What to do:
The lines from the start of the records below through the line containing "So what is the" are to be copied exactly, both ends included, with nothing added.

*** Opening Task data ***

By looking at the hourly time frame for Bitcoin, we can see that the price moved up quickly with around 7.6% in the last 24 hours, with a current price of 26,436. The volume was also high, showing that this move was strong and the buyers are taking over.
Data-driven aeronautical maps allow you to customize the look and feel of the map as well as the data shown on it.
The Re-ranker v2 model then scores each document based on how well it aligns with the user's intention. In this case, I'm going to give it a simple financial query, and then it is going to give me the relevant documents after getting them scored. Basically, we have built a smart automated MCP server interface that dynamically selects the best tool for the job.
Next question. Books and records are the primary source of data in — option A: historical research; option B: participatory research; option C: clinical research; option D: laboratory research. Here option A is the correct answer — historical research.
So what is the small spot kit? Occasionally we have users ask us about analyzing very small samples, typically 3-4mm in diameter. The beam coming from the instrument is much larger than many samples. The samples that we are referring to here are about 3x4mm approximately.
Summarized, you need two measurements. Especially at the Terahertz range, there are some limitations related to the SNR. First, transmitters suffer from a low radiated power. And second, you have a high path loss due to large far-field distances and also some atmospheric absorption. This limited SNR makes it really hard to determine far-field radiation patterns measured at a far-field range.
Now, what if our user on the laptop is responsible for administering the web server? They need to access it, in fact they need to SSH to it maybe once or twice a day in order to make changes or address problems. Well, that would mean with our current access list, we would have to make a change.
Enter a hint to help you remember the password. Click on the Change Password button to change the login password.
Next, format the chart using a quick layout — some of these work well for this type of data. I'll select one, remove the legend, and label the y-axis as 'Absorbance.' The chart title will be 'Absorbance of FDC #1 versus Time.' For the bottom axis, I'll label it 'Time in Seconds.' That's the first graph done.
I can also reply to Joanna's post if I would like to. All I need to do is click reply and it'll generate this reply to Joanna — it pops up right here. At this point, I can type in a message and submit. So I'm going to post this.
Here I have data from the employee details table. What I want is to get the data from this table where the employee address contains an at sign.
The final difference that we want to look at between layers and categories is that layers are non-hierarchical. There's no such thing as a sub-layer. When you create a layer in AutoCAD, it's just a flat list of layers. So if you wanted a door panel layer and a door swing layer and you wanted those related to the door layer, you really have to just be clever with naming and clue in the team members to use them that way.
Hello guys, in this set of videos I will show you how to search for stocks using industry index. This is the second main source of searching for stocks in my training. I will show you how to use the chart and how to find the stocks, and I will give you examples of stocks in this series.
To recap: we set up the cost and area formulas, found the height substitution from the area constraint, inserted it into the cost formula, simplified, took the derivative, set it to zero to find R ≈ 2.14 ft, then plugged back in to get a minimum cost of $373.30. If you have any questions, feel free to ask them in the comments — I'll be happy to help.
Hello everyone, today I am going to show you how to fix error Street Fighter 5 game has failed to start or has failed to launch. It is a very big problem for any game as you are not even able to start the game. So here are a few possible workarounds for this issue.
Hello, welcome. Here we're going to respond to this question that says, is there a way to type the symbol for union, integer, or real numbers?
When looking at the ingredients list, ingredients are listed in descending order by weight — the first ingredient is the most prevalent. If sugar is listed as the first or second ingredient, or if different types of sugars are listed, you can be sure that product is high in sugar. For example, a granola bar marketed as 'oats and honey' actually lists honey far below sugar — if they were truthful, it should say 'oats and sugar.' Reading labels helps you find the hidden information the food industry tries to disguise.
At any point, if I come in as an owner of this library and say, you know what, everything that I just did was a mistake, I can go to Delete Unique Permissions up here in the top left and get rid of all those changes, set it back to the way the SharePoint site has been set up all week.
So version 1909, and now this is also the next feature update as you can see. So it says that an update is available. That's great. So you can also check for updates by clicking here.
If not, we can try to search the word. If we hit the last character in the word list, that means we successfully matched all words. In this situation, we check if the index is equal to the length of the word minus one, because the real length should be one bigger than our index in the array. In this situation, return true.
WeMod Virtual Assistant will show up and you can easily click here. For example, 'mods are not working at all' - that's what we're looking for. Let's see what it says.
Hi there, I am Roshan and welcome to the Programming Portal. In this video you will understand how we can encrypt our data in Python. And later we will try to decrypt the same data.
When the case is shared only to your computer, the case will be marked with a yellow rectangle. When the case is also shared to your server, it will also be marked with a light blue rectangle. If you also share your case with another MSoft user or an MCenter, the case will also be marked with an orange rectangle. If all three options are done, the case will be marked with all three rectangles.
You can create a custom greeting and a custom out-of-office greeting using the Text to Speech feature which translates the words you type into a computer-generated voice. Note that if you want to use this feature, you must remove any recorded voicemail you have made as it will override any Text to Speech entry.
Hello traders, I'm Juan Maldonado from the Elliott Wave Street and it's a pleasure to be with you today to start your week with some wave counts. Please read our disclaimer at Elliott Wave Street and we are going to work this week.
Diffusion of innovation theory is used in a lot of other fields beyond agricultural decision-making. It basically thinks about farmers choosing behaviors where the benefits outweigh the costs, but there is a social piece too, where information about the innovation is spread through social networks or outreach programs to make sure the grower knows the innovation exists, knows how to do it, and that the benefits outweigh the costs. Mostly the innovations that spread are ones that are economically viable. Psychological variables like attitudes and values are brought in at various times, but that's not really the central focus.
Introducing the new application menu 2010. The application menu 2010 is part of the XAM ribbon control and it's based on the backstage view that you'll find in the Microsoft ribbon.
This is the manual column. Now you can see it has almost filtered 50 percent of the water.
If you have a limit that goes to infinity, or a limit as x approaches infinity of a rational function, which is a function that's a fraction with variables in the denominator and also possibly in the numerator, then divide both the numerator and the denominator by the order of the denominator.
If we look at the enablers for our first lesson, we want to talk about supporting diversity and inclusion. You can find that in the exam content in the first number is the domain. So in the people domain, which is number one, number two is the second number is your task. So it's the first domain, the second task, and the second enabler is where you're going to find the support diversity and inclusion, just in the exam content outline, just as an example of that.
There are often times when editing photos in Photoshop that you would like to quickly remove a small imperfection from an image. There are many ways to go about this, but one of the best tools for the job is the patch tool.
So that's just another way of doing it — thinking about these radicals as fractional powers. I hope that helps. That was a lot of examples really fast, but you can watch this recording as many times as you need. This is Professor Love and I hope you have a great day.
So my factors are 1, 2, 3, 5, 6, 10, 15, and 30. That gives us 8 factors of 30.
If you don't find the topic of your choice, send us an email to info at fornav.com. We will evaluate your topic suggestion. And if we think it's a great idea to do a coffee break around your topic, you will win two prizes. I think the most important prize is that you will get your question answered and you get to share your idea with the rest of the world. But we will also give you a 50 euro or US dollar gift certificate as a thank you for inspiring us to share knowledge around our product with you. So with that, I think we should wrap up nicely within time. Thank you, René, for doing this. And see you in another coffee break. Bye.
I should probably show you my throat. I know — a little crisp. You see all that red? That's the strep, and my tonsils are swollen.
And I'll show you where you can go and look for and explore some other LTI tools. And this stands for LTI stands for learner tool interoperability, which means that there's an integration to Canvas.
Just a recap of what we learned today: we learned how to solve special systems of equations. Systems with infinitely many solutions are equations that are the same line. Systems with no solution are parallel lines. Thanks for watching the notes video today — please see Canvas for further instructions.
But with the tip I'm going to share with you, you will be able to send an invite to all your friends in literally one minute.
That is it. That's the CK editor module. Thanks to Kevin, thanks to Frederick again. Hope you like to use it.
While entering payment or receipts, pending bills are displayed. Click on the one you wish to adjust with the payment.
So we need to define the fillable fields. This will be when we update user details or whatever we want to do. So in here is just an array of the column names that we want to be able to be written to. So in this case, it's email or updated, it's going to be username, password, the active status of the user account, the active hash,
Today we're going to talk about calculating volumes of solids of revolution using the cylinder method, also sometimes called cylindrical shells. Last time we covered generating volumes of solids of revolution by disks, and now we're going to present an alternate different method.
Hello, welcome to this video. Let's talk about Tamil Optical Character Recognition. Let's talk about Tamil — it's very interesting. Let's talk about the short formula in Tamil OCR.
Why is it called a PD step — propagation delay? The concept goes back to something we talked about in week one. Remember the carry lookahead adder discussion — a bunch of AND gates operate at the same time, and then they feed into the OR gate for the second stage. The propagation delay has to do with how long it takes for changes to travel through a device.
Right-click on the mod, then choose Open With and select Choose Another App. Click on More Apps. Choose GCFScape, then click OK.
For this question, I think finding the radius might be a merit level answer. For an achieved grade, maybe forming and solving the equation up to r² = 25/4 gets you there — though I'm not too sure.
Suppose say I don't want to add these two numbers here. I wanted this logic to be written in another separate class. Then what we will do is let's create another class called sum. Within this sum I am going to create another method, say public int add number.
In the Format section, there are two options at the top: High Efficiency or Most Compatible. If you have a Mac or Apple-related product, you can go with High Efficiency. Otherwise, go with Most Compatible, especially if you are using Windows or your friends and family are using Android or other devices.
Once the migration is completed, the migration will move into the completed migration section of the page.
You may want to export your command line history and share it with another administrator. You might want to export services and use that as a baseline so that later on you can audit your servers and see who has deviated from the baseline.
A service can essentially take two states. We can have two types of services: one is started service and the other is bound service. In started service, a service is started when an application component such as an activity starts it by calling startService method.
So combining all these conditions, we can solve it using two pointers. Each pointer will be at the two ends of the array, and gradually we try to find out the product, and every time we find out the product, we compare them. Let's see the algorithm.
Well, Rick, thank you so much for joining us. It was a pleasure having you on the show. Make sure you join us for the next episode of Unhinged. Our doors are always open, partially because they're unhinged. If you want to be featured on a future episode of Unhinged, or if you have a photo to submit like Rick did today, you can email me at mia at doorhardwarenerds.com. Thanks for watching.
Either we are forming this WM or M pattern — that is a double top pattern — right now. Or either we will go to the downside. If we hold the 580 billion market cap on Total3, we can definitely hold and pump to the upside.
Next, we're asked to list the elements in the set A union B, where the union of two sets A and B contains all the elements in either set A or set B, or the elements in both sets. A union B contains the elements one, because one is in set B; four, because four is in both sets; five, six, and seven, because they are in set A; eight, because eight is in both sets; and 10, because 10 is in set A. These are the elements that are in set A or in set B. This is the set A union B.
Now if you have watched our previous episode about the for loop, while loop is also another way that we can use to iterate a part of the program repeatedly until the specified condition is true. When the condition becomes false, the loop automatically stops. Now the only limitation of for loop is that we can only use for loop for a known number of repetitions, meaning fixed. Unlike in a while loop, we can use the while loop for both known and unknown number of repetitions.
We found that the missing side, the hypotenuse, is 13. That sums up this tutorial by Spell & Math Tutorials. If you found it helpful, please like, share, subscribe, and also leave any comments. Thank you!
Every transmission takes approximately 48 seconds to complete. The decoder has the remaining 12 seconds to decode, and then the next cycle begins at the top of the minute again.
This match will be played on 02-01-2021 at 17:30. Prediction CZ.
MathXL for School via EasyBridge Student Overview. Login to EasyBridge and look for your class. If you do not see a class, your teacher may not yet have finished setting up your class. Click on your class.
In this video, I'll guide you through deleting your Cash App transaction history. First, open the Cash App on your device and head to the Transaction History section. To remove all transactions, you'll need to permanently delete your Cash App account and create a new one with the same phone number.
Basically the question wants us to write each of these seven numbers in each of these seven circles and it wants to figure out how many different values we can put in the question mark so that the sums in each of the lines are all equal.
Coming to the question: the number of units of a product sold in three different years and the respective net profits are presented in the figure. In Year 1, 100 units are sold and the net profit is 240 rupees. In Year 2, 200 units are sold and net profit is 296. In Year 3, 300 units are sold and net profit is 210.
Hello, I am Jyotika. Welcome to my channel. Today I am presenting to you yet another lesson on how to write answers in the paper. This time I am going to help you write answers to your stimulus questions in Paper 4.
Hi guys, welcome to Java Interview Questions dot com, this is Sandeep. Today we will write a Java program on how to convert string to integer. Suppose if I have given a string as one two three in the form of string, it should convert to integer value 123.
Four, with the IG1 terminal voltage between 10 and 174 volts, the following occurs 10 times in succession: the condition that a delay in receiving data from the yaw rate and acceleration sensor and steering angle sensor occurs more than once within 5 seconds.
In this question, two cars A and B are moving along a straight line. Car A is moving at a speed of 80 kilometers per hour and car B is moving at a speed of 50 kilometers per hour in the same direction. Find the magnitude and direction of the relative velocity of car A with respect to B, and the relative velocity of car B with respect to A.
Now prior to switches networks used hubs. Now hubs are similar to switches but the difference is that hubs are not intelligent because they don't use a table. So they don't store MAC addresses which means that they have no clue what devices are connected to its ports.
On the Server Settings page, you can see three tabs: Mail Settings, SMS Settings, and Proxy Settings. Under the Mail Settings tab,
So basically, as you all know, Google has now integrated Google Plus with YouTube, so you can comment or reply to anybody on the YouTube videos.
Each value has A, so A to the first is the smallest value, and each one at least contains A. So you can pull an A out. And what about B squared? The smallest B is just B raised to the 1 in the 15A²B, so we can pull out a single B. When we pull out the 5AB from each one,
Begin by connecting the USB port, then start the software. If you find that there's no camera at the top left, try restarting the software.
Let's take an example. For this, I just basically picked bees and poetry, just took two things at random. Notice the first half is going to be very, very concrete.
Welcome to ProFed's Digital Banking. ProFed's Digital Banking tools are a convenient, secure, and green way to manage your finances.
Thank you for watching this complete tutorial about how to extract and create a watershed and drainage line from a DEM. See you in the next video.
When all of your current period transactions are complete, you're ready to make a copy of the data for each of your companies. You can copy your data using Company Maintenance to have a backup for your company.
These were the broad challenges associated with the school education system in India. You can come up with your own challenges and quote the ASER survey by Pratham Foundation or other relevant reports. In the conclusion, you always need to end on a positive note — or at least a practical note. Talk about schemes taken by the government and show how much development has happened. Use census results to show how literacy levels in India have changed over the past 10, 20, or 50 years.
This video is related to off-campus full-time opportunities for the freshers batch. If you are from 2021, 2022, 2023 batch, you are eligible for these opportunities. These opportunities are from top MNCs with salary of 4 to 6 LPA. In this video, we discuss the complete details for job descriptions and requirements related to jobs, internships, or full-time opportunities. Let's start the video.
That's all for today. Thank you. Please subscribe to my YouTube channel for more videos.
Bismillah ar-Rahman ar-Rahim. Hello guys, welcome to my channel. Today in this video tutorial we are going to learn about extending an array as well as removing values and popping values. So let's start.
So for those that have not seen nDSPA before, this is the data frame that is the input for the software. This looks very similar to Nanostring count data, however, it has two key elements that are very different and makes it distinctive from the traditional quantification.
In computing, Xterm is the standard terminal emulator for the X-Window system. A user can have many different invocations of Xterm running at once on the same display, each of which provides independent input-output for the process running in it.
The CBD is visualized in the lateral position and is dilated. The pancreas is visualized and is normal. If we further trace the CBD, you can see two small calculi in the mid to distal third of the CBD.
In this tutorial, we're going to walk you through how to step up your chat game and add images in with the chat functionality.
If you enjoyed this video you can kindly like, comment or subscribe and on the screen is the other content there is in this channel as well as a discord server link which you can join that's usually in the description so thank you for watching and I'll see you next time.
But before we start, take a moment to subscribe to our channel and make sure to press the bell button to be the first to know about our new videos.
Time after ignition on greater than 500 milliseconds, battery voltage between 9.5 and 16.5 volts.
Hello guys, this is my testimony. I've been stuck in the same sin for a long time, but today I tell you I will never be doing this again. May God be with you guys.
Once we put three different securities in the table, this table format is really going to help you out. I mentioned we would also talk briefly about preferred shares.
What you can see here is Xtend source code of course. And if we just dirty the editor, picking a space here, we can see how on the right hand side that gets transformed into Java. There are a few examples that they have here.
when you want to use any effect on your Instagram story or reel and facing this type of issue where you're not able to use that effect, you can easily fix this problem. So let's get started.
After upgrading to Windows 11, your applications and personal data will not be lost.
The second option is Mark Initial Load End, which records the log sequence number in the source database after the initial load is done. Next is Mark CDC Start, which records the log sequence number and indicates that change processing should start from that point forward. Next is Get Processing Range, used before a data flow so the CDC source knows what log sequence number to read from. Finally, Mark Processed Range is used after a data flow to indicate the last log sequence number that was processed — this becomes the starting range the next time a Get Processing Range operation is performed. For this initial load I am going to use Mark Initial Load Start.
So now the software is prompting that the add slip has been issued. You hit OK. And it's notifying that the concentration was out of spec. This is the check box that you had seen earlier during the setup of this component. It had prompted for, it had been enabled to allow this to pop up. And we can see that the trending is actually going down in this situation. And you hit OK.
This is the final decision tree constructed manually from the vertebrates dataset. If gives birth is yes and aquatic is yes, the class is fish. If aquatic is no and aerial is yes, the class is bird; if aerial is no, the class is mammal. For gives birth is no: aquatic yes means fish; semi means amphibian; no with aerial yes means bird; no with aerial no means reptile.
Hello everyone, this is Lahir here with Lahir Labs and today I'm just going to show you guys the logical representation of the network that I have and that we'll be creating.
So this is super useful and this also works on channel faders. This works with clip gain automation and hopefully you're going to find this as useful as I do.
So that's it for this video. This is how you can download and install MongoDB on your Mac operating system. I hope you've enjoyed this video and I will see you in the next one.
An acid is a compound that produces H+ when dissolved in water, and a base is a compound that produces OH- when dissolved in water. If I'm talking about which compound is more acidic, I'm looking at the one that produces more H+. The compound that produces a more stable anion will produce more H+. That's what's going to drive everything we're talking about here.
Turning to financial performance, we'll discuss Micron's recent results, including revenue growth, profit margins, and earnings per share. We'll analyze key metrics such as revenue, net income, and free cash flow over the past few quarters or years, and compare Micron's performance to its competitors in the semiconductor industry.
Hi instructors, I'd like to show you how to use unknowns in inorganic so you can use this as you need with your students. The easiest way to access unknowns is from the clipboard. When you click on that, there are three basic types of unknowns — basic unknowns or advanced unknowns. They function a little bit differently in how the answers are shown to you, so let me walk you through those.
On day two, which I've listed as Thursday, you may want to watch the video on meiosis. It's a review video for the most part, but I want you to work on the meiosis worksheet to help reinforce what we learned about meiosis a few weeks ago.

*** Closing Task data ***

Exercise output:
By looking at the hourly time frame for Bitcoin, we can see that the price moved up quickly with around 7.6% in the last 24 hours, with a current price of 26,436. The volume was also high, showing that this move was strong and the buyers are taking over.
Data-driven aeronautical maps allow you to customize the look and feel of the map as well as the data shown on it.
The Re-ranker v2 model then scores each document based on how well it aligns with the user's intention. In this case, I'm going to give it a simple financial query, and then it is going to give me the relevant documents after getting them scored. Basically, we have built a smart automated MCP server interface that dynamically selects the best tool for the job.
Next question. Books and records are the primary source of data in — option A: historical research; option B: participatory research; option C: clinical research; option D: laboratory research. Here option A is the correct answer — historical research.
So what is the small spot kit? Occasionally we have users ask us about analyzing very small samples, typically 3-4mm in diameter. The beam coming from the instrument is much larger than many samples. The samples that we are referring to here are about 3x4mm approximately.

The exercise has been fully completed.